Notes from reading the online book Think Bayes: Bayesian Statistics Made Simple.
Chapter 5 Odds and Addends
In addition to normal Bayesian formula
$$ p(H|D) = \frac{p(D|H)p(H)}{p(D)} $$
The odds form of Bayes's theorem is
$$ o(A|D) = o(A) \frac{p(D|A)}{p(D|B)} $$
i.e., the posterior odds are the prior odds times the likelihood ratio. Sometimes, this form is most convenient for computing a Bayesian update on paper or in your head.

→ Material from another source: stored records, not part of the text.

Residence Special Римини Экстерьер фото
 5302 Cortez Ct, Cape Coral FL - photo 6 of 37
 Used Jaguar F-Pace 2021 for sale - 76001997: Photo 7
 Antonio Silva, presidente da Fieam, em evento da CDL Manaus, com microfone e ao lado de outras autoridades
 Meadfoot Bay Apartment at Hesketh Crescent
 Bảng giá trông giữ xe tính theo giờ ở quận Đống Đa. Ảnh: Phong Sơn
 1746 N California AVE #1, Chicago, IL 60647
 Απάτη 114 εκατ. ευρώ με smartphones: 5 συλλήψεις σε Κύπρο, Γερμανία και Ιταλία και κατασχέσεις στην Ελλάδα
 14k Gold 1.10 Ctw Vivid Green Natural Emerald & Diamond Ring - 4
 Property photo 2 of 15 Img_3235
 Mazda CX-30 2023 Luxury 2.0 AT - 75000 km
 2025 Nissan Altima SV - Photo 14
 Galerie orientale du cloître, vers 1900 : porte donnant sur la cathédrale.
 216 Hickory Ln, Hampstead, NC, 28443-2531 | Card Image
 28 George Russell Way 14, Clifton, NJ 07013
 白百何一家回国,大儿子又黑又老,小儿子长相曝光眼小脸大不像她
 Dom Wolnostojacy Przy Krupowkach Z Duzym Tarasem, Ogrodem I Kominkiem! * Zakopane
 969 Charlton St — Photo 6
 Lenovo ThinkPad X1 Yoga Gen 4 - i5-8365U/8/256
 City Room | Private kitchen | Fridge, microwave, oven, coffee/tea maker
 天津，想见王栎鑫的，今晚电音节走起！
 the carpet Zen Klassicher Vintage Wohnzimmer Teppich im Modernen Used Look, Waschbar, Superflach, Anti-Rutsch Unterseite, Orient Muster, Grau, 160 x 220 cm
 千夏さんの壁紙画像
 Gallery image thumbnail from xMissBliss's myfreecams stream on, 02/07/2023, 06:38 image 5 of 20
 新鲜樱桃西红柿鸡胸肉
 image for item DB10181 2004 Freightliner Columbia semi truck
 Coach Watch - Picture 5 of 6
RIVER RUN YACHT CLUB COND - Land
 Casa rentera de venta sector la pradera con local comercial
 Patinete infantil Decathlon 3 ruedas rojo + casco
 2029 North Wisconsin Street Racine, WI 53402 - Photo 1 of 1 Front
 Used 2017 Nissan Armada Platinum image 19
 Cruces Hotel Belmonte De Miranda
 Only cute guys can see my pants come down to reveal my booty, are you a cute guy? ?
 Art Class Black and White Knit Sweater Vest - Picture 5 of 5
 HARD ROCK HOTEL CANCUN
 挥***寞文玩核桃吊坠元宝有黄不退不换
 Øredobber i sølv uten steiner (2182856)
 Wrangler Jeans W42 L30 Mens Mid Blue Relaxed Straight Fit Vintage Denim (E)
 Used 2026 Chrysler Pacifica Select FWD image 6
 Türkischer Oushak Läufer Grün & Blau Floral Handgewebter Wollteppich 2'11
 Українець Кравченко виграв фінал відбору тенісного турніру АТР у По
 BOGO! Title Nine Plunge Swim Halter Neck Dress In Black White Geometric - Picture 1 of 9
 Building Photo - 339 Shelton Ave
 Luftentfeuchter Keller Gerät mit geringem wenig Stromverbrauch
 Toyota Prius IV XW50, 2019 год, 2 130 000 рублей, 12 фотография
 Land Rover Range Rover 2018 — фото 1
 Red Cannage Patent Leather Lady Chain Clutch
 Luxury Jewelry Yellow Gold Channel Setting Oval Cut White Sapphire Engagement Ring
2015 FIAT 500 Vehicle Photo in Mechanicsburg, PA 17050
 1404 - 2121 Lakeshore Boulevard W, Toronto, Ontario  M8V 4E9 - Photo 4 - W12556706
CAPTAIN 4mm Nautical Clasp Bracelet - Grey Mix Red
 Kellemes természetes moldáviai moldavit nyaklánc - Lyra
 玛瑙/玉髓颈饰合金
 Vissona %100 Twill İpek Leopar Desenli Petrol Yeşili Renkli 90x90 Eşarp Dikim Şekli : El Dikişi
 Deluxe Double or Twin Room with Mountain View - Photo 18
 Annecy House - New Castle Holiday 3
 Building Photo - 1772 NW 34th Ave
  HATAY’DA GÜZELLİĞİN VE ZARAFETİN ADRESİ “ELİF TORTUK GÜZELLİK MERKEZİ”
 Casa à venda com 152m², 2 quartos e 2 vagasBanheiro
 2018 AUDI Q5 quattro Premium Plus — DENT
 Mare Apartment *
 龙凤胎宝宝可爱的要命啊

Chapter 6 Decision Analysis
The results from Bayesian analysis comes in the form of a posterior distribution. Classical method usually generates a single point estimate, e.g. maximum likelihood or MAP estimates.
Bayesian methods are most useful when you can carry the posterior distribution into the next step of the analysis to perform some kind of decision analysis, e.g. to compute an optimal bid in this chapter, or some kind of prediction seen in the next chapter.
Chapter 7 Prediction
The Boston Bruins Problem
In the 2010-11 National Hockey League (NHL) Finals, my beloved Boston Bruins played a best-of-seven championship series against the despised Vancouver Canucks. Boston lost the first two games 0-1 and 2-3, then won the next two games 8-1 and 4-0. At this point in the series, what is the probability that Boston will win the next game, and what is their probability of winning the championship?
The following assumptions are used:
- goal scoring in hockey is at least approximately a Poisson process
- each team has some long-term average goals per game, denoted λ
Given these assumptions, the strategy for answering this question is
Use statistics from previous games to choose a prior distribution for λ. From http://www.nhl.com, it is roughly Gaussian, i.e. $N(\mu, \sigma^2)$ with $\mu=2.7, \sigma=0.3$.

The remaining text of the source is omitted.